Get a Polars DataFrame directly:

from filoma import probe_to_df
dfw = probe_to_df('.')  # filoma.DataFrame wrapper
print(dfw.head())

Wrap existing analysis:

from filoma import probe
analysis = probe('.')
# Prefer using probe_to_df() to get a DataFrame in one step. If you already
# have an analysis object, request a DataFrame explicitly when probing and
# access the raw Polars DataFrame via `wrapper.df` when needed.
analysis = probe('.', build_dataframe=True)
wrapper = analysis.to_df()
# access raw polars via wrapper.df

Enrichment helpers (chainable):

from filoma import probe_to_df
dfw = probe_to_df('.', enrich=True)  # depth, path parts, file stats

Manual enrichment:

from filoma import probe_to_df
dfw = probe_to_df('.', enrich=False)
from filoma.dataframe import DataFrame
wrapper = DataFrame(dfw.df)
wrapper = wrapper.add_depth_col().add_path_components().add_file_stats_cols()

Filtering & grouping:

wrapper.filter_by_extension('.py')
wrapper.extension_counts()
wrapper.directory_counts()

Export:

wrapper.save_csv('files.csv')
wrapper.save_parquet('files.parquet')

Convert to pandas:

pandas_df = probe_to_df('.', to_pandas=True)

Tips:

  • Use .add_file_stats_cols() sparingly on huge trees (it touches filesystem for each path).
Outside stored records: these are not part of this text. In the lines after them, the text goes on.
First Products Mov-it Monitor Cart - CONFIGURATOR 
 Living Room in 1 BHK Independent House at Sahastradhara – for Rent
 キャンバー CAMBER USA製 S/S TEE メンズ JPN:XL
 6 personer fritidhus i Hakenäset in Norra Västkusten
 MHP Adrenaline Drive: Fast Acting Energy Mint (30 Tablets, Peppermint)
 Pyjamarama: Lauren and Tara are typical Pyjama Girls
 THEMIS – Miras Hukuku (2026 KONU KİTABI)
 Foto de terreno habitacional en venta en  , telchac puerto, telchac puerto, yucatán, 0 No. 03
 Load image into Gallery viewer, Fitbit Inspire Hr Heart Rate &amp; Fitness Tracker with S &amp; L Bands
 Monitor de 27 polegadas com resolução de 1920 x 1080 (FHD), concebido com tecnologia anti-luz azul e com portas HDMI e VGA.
Pandas conversions and caching

filoma is Polars-first internally. For pandas interop use the following:

  • df.pandas — always returns a fresh pandas.DataFrame conversion.
  • df.pandas_cached or df.to_pandas(force=False) — returns a cached pandas conversion (converted once). Use for repeated reads.
  • df.to_pandas(force=True) — force reconversion and update the cache.
  • df.invalidate_pandas_cache() — clear the cached pandas object.

The wrapper automatically invalidates the cached pandas conversion on assignments (df[...] = ...) and when delegated Polars methods appear to mutate in-place (Polars commonly returns None or the same DataFrame object). For complex external mutations call invalidate_pandas_cache() or to_pandas(force=True) to ensure freshness.

  • Combine with Polars expressions for advanced analysis.